NEW YORK – US President Barack Obama’s anti-Islamic State (IS) efforts gained momentum on Tuesday as he told Congressional leaders that he does not need their approval for his planned anti-jihadist operations in Iraq and Syria.
“The president told the [Congressional] Leaders that he has the authority he needs to take action against ISIL in accordance with the mission he will lay out in his address tomorrow night,” the White House said in a statement.
“He reiterated his belief that the nation is stronger and our efforts more effective when the president and Congress work together to combat a national security threat like” IS – the extremist group that is also known as ISIS and ISIL.
The meeting came ahead of Obama’s primetime address to the US public on Wednesday, when he will outline plans for “degrading and ultimately destroying the terrorist group” that imposes centuries-old religious edicts in its self-declared caliphate.
Obama will speak to the nation as John Kerry, his top diplomat, travels to the Middle East for Saudi-hosted talks with Arab leaders on Thursday in a bid to bring Sunni Arab nations more firmly into a coalition that is dominated by Western and Shia forces.
Paul Findley, a 22-year veteran member of the House of Representatives and co-author of the War Powers Resolution, which limited a US president’s power to wage armed conflicts overseas, warned that Obama’s sidestepping of Congress is unlawful.
“Congress must decide whether to bomb Iraq or Syria, or both. The president has no authority to bomb either,” he told Rudaw on Tuesday. “He violates the Constitution with every bomb he sends to Iraq. Ordering acts of war is too serious a decision to leave to one man.”
US fighters and drones pounded IS targets on Monday and Tuesday, destroying more than a dozen vehicles, helping Iraqi forces and Sunni militiamen hold the Haditha Dam and bringing the number of US airstrikes to 153 since August, the Pentagon said in a statement.
Despite war weariness across the US and Obama’s reluctance for new military ventures, recent opinion polls by CNN and Washington Post-ABC News indicate a hardening in American attitudes against IS and support for airstrikes and even US ground troops.
Anti-IS efforts have gained traction since the release of videos showing a British-sounding IS militiaman beheading the American journalists Steven Sotloff and James Foley as well as gruesome executions of captured Kurdish troops.
US State Department spokeswoman Marie Harf said Iraq’s new government, which includes Shias, Sunnis and Kurds, was a “milestone” in the fight-back against IS, which is estimated to control an area the size of Jordan with as many as eight million inhabitants.
“We certainly pushed any outside country … to support the Iraqi forces themselves and the Kurdish forces as the answer, security-wise, to the ISIL problem; it’s not militias; it’s not extra-governmental organizations,” she told reporters on Tuesday.
Attacking IS in Syria remains awkward for the White House, stoking concerns that it would bolster Syrian president Bashar al-Assad, who is accused of atrocities against civilians during a three-and-a-half year uprising against his rule.
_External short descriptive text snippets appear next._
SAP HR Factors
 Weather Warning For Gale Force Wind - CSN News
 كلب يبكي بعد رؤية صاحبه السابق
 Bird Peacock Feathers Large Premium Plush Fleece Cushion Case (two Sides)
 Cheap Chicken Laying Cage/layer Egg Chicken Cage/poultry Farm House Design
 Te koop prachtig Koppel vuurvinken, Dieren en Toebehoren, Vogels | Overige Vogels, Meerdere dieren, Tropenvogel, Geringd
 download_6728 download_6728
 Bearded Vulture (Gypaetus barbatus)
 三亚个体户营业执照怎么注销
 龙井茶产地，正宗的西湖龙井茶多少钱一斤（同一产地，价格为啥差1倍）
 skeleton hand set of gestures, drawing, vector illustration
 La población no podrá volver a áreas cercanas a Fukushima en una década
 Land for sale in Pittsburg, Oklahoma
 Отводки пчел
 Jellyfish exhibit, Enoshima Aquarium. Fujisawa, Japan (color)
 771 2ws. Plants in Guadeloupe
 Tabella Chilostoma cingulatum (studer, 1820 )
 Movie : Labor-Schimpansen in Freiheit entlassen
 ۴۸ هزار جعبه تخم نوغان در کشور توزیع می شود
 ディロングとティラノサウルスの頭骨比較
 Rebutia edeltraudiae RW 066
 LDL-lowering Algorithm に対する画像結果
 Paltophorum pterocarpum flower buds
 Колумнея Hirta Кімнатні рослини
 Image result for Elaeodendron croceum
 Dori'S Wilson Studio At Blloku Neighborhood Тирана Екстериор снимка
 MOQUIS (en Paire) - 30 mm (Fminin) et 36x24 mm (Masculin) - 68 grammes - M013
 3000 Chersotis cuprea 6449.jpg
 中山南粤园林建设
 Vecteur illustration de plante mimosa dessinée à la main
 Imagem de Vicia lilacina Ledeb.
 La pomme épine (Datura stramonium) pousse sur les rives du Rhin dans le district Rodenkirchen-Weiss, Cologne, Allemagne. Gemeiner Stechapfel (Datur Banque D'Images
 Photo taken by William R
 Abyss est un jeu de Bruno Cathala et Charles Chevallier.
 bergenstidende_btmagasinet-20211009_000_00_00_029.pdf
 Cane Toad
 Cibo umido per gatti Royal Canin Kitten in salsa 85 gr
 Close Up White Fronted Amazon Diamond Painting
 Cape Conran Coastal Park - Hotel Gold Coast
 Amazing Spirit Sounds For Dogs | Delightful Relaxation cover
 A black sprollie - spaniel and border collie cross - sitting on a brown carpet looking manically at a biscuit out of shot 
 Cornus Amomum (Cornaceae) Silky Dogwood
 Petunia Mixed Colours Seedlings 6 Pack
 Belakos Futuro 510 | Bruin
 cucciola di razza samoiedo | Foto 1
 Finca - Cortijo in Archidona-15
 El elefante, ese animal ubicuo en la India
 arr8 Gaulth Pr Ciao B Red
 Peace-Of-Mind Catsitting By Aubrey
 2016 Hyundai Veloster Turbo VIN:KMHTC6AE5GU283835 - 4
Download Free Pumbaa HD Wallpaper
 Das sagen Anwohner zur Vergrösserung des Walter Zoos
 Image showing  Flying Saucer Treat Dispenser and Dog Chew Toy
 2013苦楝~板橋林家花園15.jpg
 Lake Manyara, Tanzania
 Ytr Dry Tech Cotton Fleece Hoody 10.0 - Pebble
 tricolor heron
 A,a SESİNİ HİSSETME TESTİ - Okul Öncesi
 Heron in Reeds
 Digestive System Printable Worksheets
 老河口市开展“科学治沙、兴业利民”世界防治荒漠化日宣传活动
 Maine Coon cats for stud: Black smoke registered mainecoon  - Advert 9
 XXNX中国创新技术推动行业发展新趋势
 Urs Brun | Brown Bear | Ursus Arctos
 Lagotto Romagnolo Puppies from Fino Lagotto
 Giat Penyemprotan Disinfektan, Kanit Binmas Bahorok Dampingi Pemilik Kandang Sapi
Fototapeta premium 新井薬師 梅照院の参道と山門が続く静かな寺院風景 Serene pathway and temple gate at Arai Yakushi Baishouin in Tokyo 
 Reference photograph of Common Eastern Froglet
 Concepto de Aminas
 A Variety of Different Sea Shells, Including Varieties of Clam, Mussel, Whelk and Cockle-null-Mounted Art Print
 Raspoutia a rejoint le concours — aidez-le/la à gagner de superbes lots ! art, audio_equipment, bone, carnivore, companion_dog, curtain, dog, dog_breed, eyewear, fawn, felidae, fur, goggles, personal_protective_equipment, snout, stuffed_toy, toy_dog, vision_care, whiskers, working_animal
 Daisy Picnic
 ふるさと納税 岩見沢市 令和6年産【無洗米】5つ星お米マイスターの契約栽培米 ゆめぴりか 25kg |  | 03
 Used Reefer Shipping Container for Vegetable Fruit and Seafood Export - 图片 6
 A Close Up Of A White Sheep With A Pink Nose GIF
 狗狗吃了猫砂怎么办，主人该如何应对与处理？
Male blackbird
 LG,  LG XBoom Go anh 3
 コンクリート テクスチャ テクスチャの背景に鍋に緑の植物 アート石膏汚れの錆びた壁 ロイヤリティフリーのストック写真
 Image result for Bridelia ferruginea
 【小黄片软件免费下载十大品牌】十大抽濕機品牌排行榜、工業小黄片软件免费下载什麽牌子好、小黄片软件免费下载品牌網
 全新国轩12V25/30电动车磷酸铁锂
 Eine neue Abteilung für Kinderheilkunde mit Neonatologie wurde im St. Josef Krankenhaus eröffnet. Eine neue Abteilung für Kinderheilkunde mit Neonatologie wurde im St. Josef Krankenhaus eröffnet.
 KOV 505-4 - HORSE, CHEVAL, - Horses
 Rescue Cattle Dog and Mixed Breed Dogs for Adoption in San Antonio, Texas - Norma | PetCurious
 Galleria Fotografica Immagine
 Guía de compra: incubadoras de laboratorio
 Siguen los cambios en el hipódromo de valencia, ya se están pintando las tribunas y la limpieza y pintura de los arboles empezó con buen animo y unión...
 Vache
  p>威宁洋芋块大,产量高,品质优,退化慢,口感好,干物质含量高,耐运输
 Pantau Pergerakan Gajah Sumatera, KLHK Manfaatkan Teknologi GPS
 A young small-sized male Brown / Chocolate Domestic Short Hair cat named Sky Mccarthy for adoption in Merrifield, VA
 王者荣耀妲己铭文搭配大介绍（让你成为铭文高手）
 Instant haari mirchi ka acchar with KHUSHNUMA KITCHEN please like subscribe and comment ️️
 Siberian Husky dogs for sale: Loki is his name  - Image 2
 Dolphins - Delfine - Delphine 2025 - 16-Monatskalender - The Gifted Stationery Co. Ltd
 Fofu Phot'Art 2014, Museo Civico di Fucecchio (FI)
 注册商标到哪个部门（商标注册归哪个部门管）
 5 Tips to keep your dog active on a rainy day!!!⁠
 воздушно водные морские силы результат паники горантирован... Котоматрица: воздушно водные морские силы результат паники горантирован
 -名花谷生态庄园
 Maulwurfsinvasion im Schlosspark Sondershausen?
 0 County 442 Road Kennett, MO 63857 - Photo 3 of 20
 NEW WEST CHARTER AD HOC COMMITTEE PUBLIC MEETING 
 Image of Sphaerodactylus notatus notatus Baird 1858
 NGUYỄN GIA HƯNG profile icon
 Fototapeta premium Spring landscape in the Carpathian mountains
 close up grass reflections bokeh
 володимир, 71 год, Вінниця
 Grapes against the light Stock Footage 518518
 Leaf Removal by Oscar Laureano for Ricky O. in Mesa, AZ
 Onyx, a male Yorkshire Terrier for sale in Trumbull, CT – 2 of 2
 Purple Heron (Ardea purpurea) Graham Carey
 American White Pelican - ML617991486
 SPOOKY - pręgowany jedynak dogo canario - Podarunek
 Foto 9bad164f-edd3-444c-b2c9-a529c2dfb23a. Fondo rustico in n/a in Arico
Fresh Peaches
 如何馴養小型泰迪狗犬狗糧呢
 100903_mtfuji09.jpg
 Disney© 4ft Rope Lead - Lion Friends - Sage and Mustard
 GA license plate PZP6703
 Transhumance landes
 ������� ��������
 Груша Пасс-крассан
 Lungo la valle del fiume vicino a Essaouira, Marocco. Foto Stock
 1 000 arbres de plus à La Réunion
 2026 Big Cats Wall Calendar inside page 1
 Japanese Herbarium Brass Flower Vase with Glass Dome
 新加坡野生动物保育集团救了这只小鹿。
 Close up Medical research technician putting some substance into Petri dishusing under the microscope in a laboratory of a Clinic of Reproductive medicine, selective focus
The International Crisis Group warned of an increasingly-complex war in Syria, where al-Assad’s sectarian regime and IS have emerged as more powerful than Free Syrian Army and more moderate opposition forces, which are struggling in the north-west city of Aleppo.
“At stake in Aleppo is not regime victory but opposition defeat,” said the group’s analyst Noah Bonsey. “If that occurs, the war would continue, pitting regime and allied forces lacking capacity to reconquer north and east Syria against an emboldened IS strengthened by recruits from rebel remnants”.